I am trying to write a search engine that will give meaningful results when a user enters words that occur within a bunch of documents. For that I want to know how exactly a search engine works, what data structures and algorithms it uses to build indexes, store and query indexes etc. Plus some pointers on how to make a search engine give good results even in case of spelling mistakes.
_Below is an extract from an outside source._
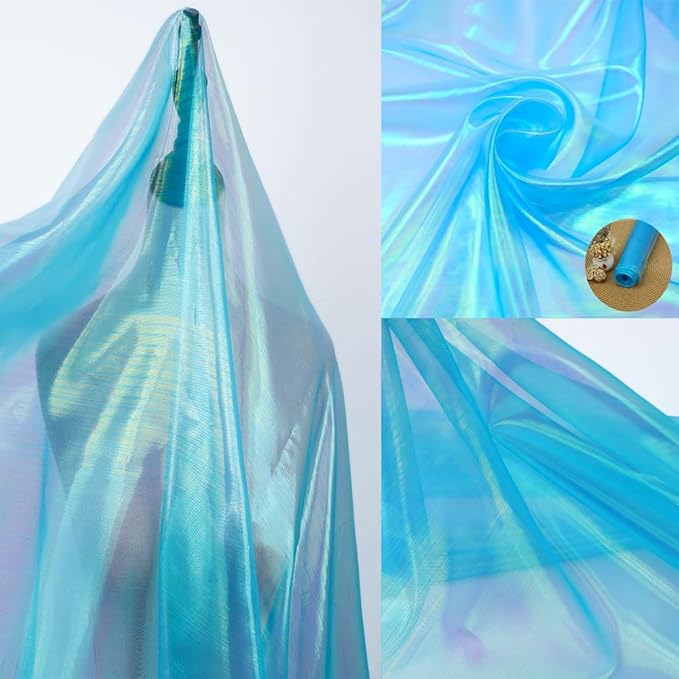 Sky Blue Iridescent Organza Fabric for Wedding & Halloween, 11 Yard Long, 59-Inch Wide, Perfect for DIY, Photography Scene Arrangement, and Personalized Clothing Production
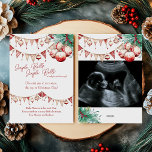 Ultrasound Scan Photo Scandi Pregnancy Reveal Holiday Card<br><div class="desc">Christmas Card Pregnancy Announcement with scan pic and festive song .. "Jingle Bells, Jingle Bells a baby's on the way .. Oh what fun it is to share, this joy on Christmas Day!" Decorated with scani bunting, baubles and a dash of holly. Personalise with your ultrasound scan photo, christmas greeting,...</div>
One natural extension that I would want is to allow phonetic search to also work, so that the search also works for documents in transliterated form.
A really simple way to get started is to use something like agrep
.
You could look at Lucene's documentation - there is a lot on internals in wiki. http://lucene.apache.org/java/docs/
...or Lucene.NET if you're .NET guy: http://incubator.apache.org/lucene.net/
While using grep/agrep is a good starting point, to make an efficient search engine you'll need indexing.
For that, you'll need to learn about some specialized data structures, such as suffix trees, which are very useful for efficient indexing and retrieval of search results.
Here's Brin's and Page's article about the anatomy of a 'new' search engine (Google) written some years ago. Google now offers even more articles about their algorithms.
Related posts for your reference:
Building a Web Search Engine:
http://stackoverflow.com/questions/112248/building-a-web-search-engine
Open Source Projects for Web Search Engine Components:
http://stackoverflow.com/questions/672476/open-source-projects-for-web-search-engine-components
Writing a search engine is not a trivial task and that is depending how many documents you want to search. If the number and the size of the documents is not large, then a simple sequential search a la Grep/Glimpse oder a database is enough. Otherwise you must use a library that use an inverted-index for indexing and searching.
For documentation you can look at Introduction to Information Retrieval (available online).
You can also look at:
- Lucene full text search engine in java.
- Zettair simple text search engine in c.
- Seach engines for websites like A Perl search engine library.
Research Information Retrieval. The concepts are decades old and very well written about.